Celebrating and Taking Ownership of your Learning

I've been working with my students on unpacking our standards.  I read an article about getting students to take more ownership in their learning, and I think teaching them about our benchmarks and mastery is a perfect way to do this.
We just began a new unit in math on Integers and Rational Numbers.  I have to cover TEN benchmarks in the Number Sense standard that deal with integers and rational numbers.  I projected a few of the benchmarks on the board, and we spent time discussing what each one meant, and the skills that we would cover.  We also talked about what it meant to have mastery in each skill.

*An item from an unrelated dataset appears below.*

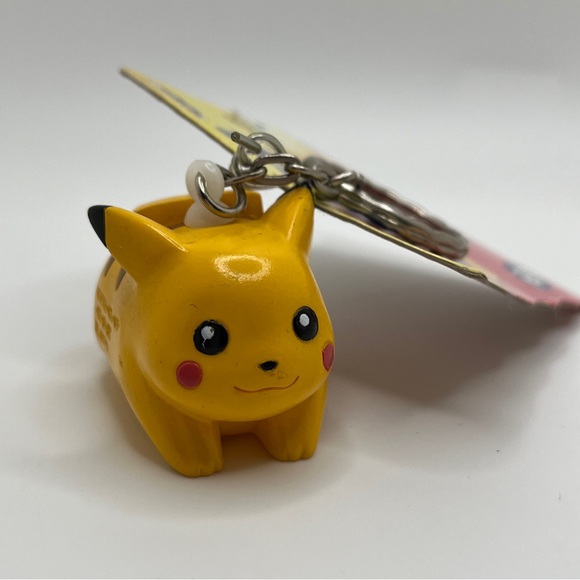 1998 Japanese Pocket Monsters Running Pikachu Keychain Banpresto Sho-Pro NEW - Picture 6 of 7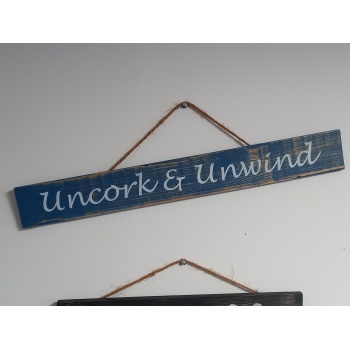Uncork & Unwind - Houten planken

My students keep a copy of our standards in the front of their math notebooks.  Included is each benchmark for our entire year.  I've begun grading assessments according to each benchmark.  This allows my students to see specifically what skill they have mastered, and what they still need to work on.  Here is an example from a Decimals test I recently gave:

On the test I covered Least Common Multiple/ Greatest Common Factor and computation of decimals in all four operations.  My Common Core standards include:
6.NS.3: Fluently add, subtract, multiply and divide multi-digit decimals using a standard algorithm
6.NS.4: Find common factors and multiples.
So I gave this test two grades.  I staple a grade sheet to the front of the test that shows the benchmark grade for each section, and then students put these grades on their benchmarks sheets in their interactive notebooks.  That way they can see what skills they have mastered and what skills they need to work more on. My students were really motivated about reaching mastery level.  They want to maintain that A/B status.

With this unit I also started including my benchmarks on the wall in my classroom.  After each assessment I post how many students reached A/B status.  I don't post individual names, I don't think that is fair.  You certainly could do this, but I like the anonymity of just A/B status.  My students want to be a part of this group.  I made a BIG BIG BIG deal out of it... passing out Mardi Gras beads to everyone that scored an A or B on EITHER benchmark, dancing, clapping, playing music.

I wanted as many students as possible to reach this point.  Especially the first time I tried it.  I was looking for some serious extrinsic motivation from this activity.  Based on their smiling faces, I think I achieved it!

I would love to hear how you motivate your students!!